--- START ---
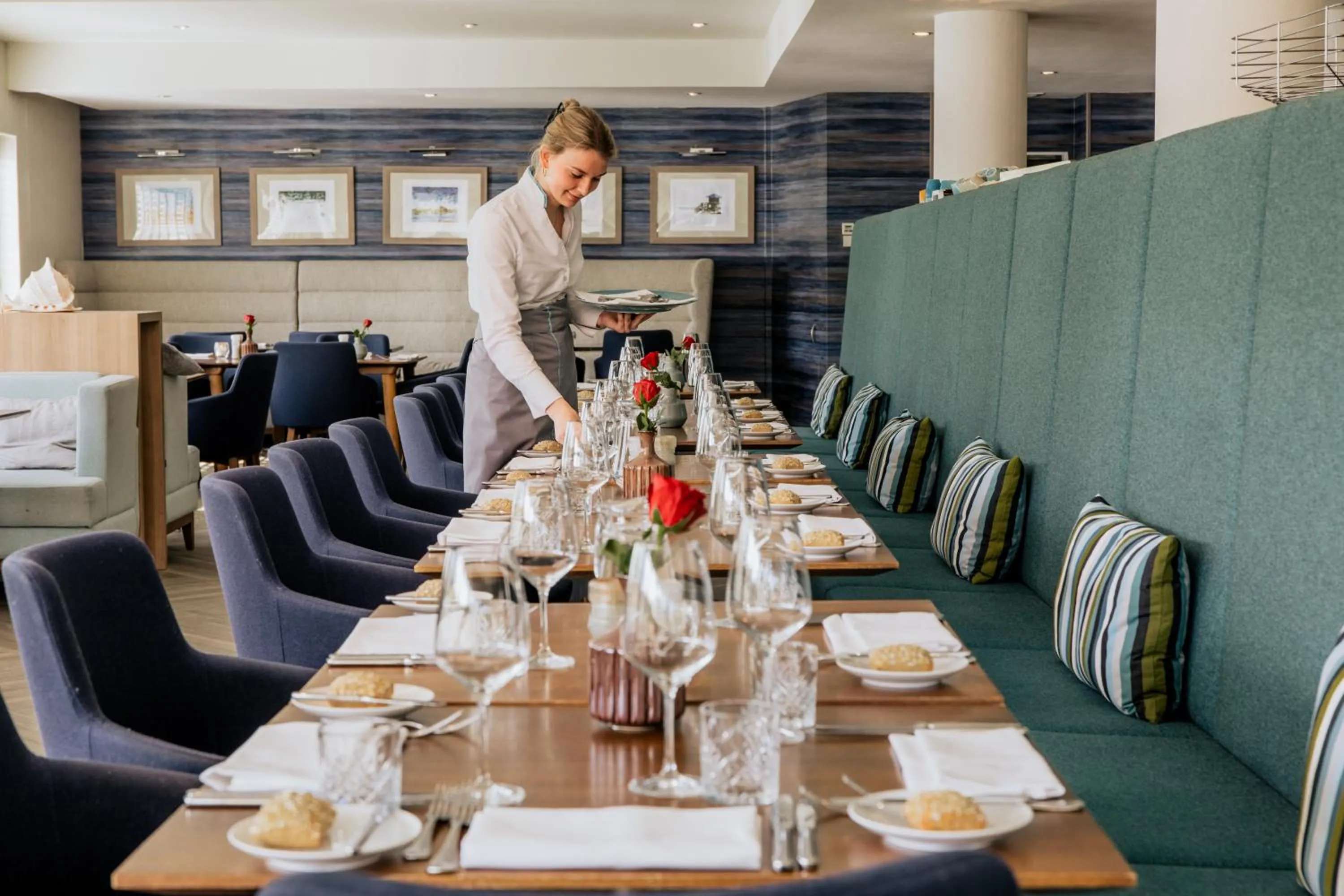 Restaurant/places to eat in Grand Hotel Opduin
--- END ---
--- START ---
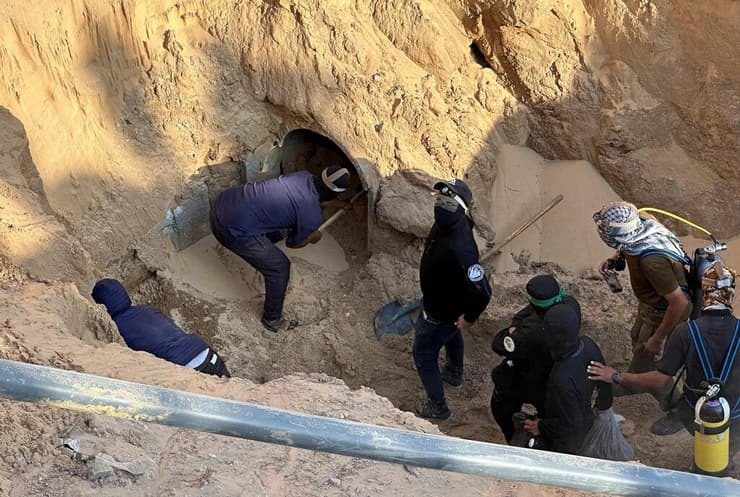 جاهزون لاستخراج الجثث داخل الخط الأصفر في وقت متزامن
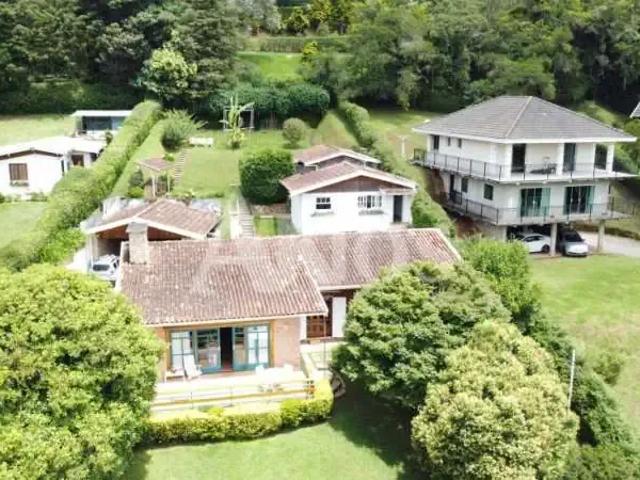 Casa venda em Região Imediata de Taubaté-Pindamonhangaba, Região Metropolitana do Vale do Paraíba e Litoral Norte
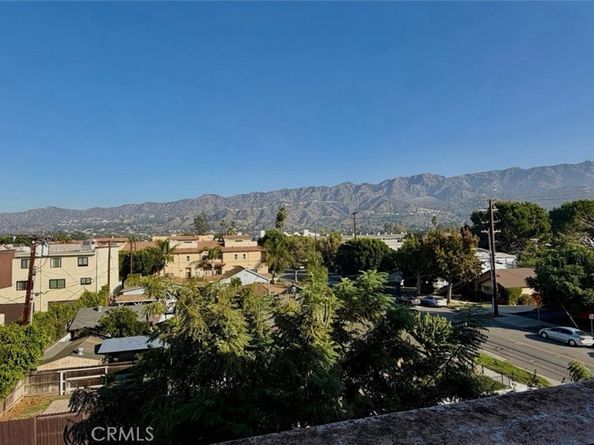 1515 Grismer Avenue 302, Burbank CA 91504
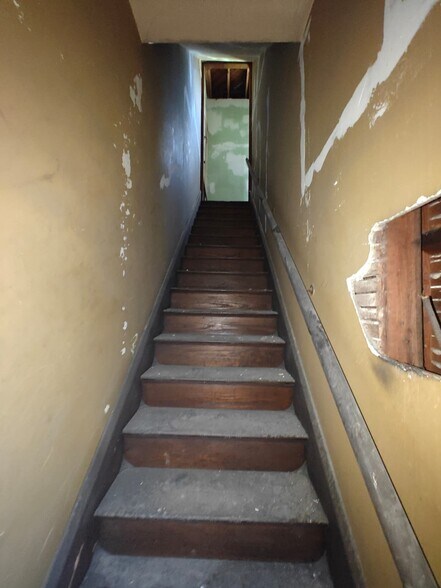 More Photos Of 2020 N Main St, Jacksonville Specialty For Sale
--- END ---
▶ **WHAT THIS TASK INVOLVES**
The copy should hold only the lines from the one with "Casa venda em" through the one with "More Photos Of", exactly as they stand above. Leave out the pictures.

▶ **EXERCISE SOLUTION**
 Casa venda em Região Imediata de Taubaté-Pindamonhangaba, Região Metropolitana do Vale do Paraíba e Litoral Norte
 1515 Grismer Avenue 302, Burbank CA 91504
 More Photos Of 2020 N Main St, Jacksonville Specialty For Sale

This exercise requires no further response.